朱毓岚负手而立道:“当日太傅布置下题目,学生发觉竟是隆庆九年的会试试题,便想究竟有何深意,遂翻阅礼部封存档案。阅遍百余份朱卷却觉得奇怪,明明此文见地颇深,所言国策十余年来却未曾被采纳,以至于如今瓦剌部壮大,滋扰边境。”
“细思之下,学生方明白,太傅布置这题目,并非要学生作什么锦绣文章,为人君者又不是考功名,文章写得好不如能知人善任,懂得用人之道,所以学生将这篇策论寻了回来,待有机会便上奏皇上,十年之内,定令瓦剌不战而降。”
他言之有力,语气铿锵。顾太傅神情复杂,摆手道:“过去的事便过去了,再提无意。我取这题目的本意是,如今应重新审视朝廷与瓦剌的关系,只是殿下说得极好,为君者,不一定要写得出好文章,却要善于用人。”
这还是朱毓岚头一次得顾太傅夸奖,他按下欣喜,恭敬听从教导。
毓坤默默叹了口气,知道今日是她输了,这篇策论一出,即便她那篇写得再好也黯淡无光。不止如此,恐怕在太傅心中对朱毓岚重武轻文的印象也有所改观。
转而望向毓坤,顾太傅正色道:“这正是我对殿下的期望。”
毓坤轻声道:“定当谨记。”
待顾士祯退后,又有翰林学士入内讲《春秋》,到辰时方散。出了文华殿,朱毓岚昂首迈上软轿,望着他意气扬扬的背影,谢意很有些不屑。
毓坤也坐在轿中,摆手要他不要多言。然回到慈庆宫,她确有些闷闷不乐。
像是看出她的心事,沈峥正色道:“今日之事并非偶然,若未记错,隆庆九年会试的主考官正是太傅本人。他应阅过此卷,福王取巧,正看中这点,是有备而来。”
毓坤一凛,顾太傅将那策论看了几行便有定论,确像曾读过,然十一年后依旧能回想起来,可见当年印象之深。
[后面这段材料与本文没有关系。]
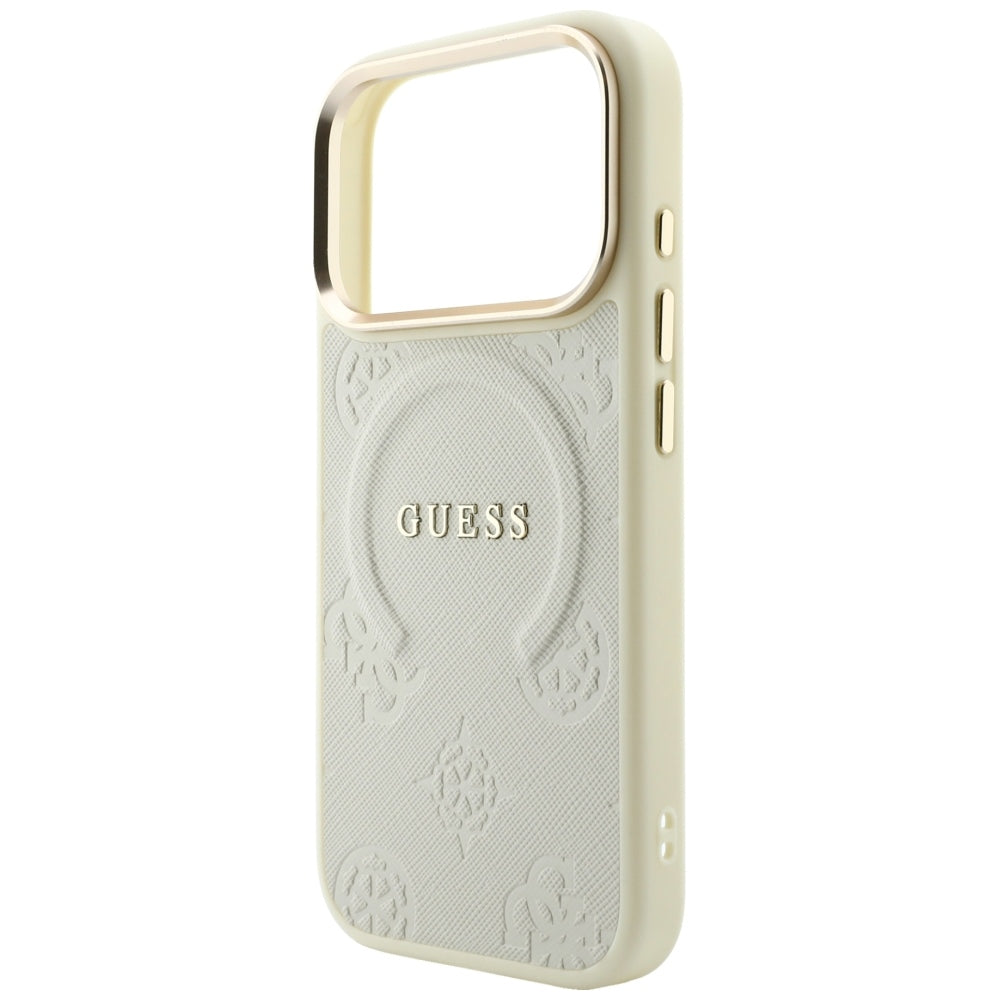 Funda MagSafe para Apple iPhone 18 Pro / 17 Pro, Guess, Saffiano Peony Ring, Beige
忆起今日顾太傅复杂的神情,毓坤知道这其中恐怕有什么隐情,只是无从探究。
忽然有个想法,毓坤与沈峥对视一眼,知道是想到一处去了。
望着他二人目光交汇,谢意茫然道:“你们在打什么哑谜?”
毓坤当机立断道:“去查一查隆庆九年会试第一名取的是谁。”顾太傅既说到知人善任,她便躬行其道,先将此人收在东宫。
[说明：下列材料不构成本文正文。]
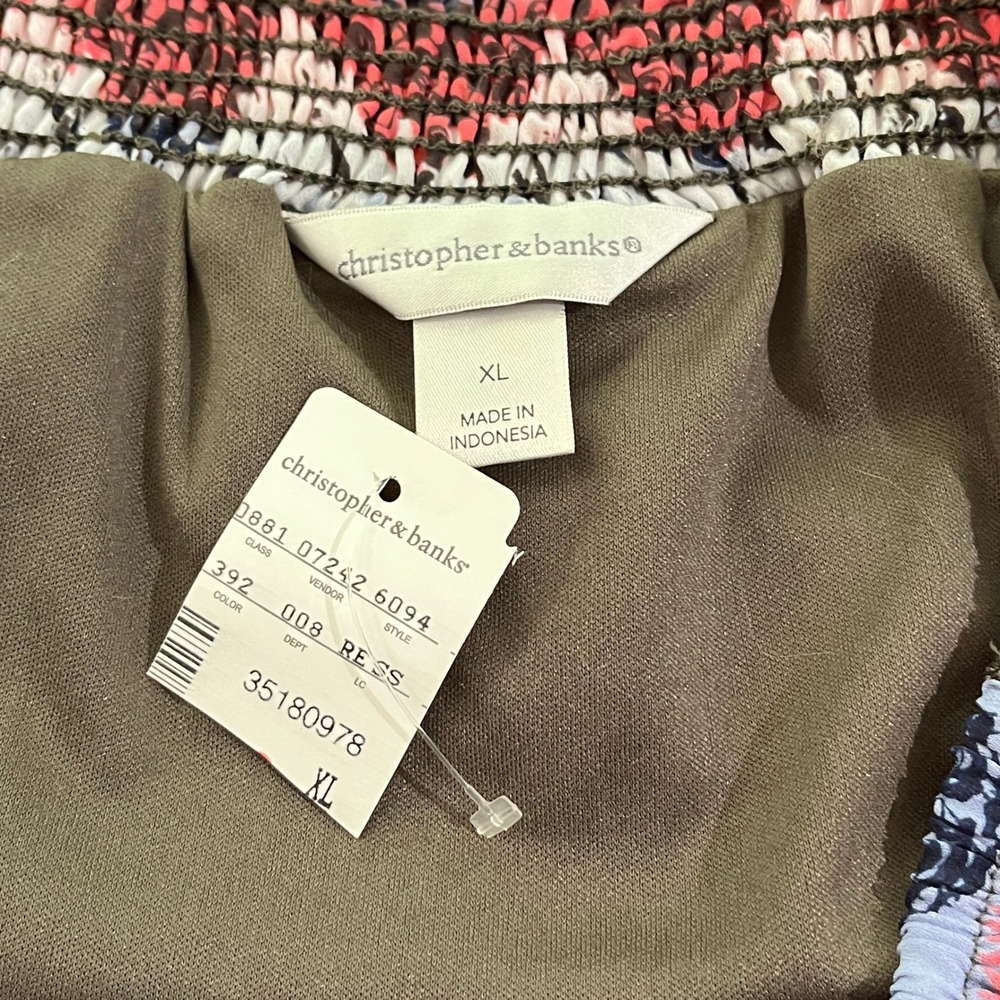 Christopher & Banks Skirt Women XL Multicolor Border Print Flowy Boho 1333 - Picture 4 of 8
听令办差的是詹事府少詹邝佑。吏部衙门正在紫禁城南面,不过一个时辰他便回报道:“启禀殿下,隆庆九年会试,第一名取得是金陵仕子刘霖。”
竟是个从未听说过的名字,看来此人确未得到重用。毓坤未料到一个江南学子竟对西北边防如此了解,不由好奇道:“此人现在何处?”
邝佑道:“说来是他倒霉,虽中了会元,殿试却未进一甲,只取了庶吉士,散馆后分去桂王府教世子读书,桂王获罪,他也被免职,如今潦倒京中。”
谢意莞尔,原本从翰林院分入王府便是下差,好巧不巧,桂王又是皇上的兄弟中唯一被削爵的,连带着仕途也从此断了,此人算得上运交华盖。
毓坤倒有些怜惜,吩咐道:“唤他来,我瞧给个什么官做。”
邝佑道:“属下已命人去寻,此时应正在宫外。”身为詹事府少詹,他自然心思机敏,不用太子吩咐已预备下去。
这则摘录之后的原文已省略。